Cumbrian volunteers revamp historic 1930s carriage

1930's passenger coach No.60505
Image caption The teak body has now been restored to its original condition

A train carriage dating back to the 1930s which was stripped and used for railway maintenance is being given a new lease of life by volunteers.

The LNER Tourist Third Open (TTO) coach No.60505 was built in York in 1936, but was taken out of passenger service in the 1960s.

The train was then used for duties such as carrying tools and equipment for railway maintenance.

Now, in a 10-year project, a group of volunteers are restoring the coach back to its former glory as a passenger vehicle.

Mike Thompson, who is managing the project, said its completion was "tantalisingly close".

The coach arrived at Kirkby Stephen East in 2002 after being purchased from Historic Scotland.

On its arrival, the coach was lifted off its wheels and the wooden body was stripped and the underframe repaired.

The teak body has now been restored and varnished and the canvas roof has been replaced.

'A proud day'

From the interior, everything has been removed from the seats, right down to door handles and coat hooks.
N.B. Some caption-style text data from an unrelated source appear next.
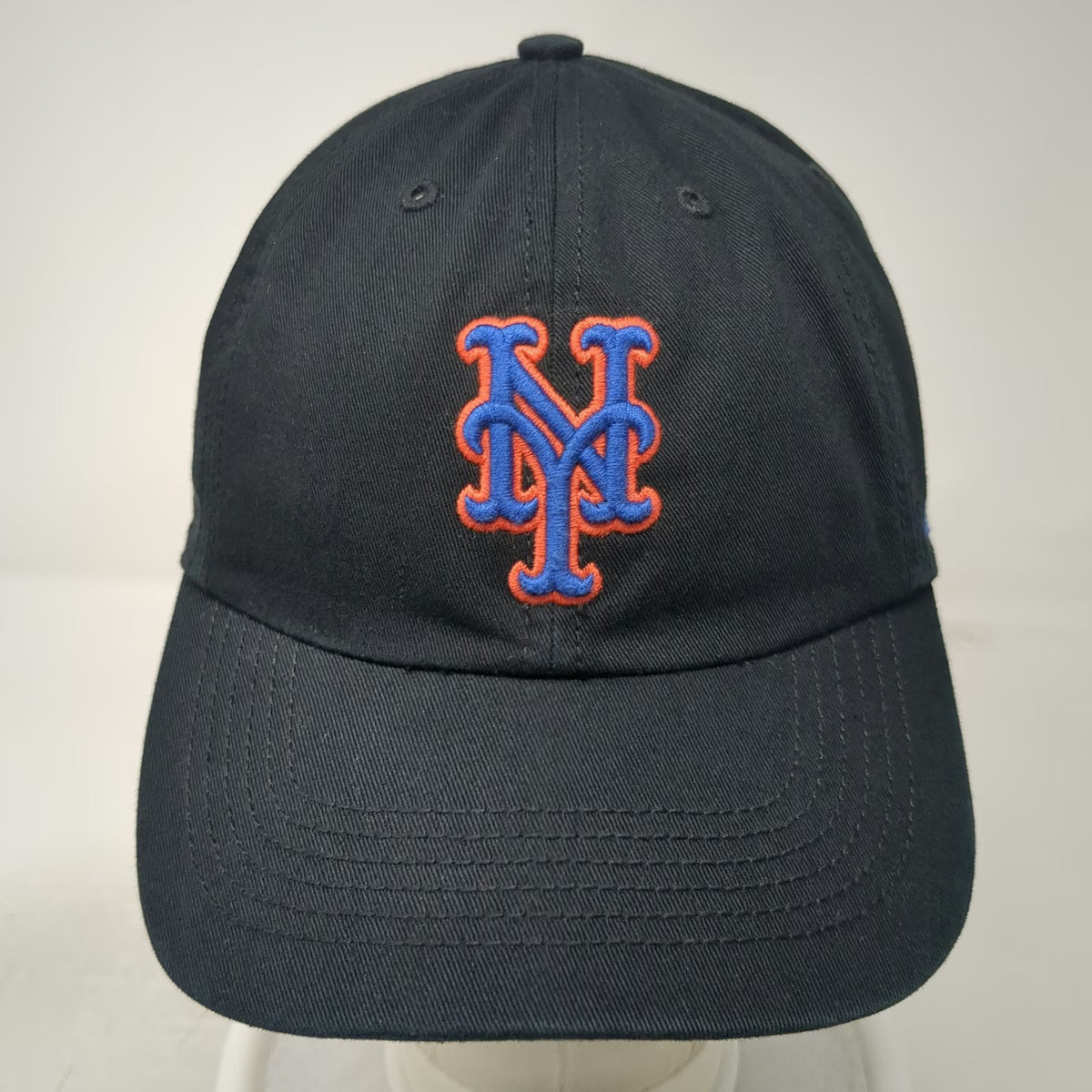New York Mets MLB 47 Franchise Baseball Cap Black M Green Underbrim Recycled Hat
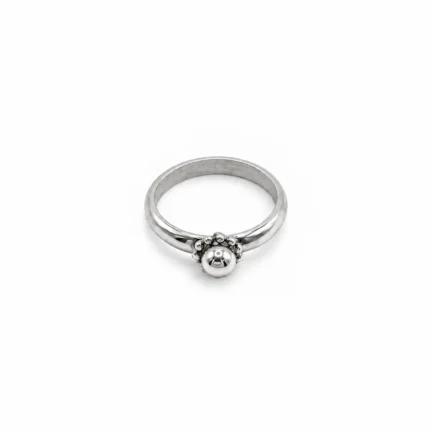 Milgrain Orb Ring 1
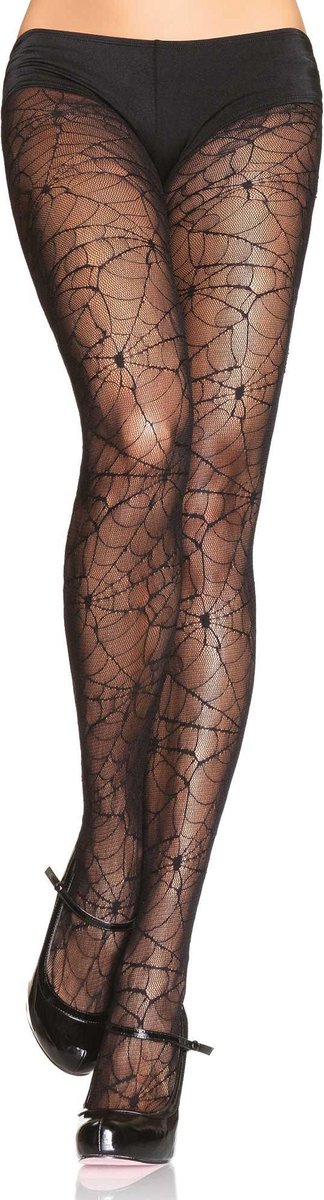 Leg Avenue Spider Lace Pantyhose ["Zwart"]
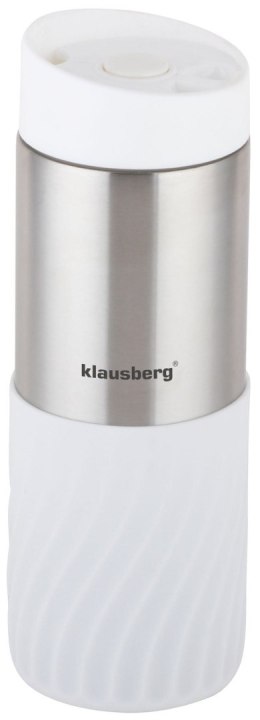 KUBEK TERMICZNY 400ML STAL NIERDZEWNA 18/8 KLAUSBERG BIAŁY KB-7635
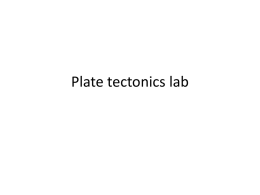 Plate tectonics lab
Mr Thompson said: "This will be the first time since the interior was stripped by British Railways in the 1960s that this beautiful coach will once again look like a passenger vehicle, and will signal the beginning of the end of this long-term project.

"We are very pleased that the varnished teak exterior is now almost back to the condition it would have shown when first built at York in 1936."

Image caption The upholstering of the seats is the final part of the project

All the interior fittings have been copied exactly from surviving examples in coaches at other heritage railways.

Now, to complete the project, the interior is getting a makeover, with the 26 bucket seats being upholstered thanks to £11,207 from the Rural Development Programme for England (RDPE).

The group hope to complete and install the seats by the end of 2012.

Once completed, the coach will be used as a passenger vehicle at Stainmore Railway by the end of 2013.

However, the project needs another £25,000 in donations for the final part of the project.

Mr Thompson said: "It will be a proud day when she's finally complete and waiting at the station platform for her first passengers to climb aboard and go back in time.

"Many of our friends in the Upper Eden Valley and further afield have vivid memories of their trips on the line, whether to go shopping, travelling to see friends or family, or indeed, in darker days, on their way to military service.

"It will be an emotional moment to many people for many reasons when she pulls away from the platform for the first time."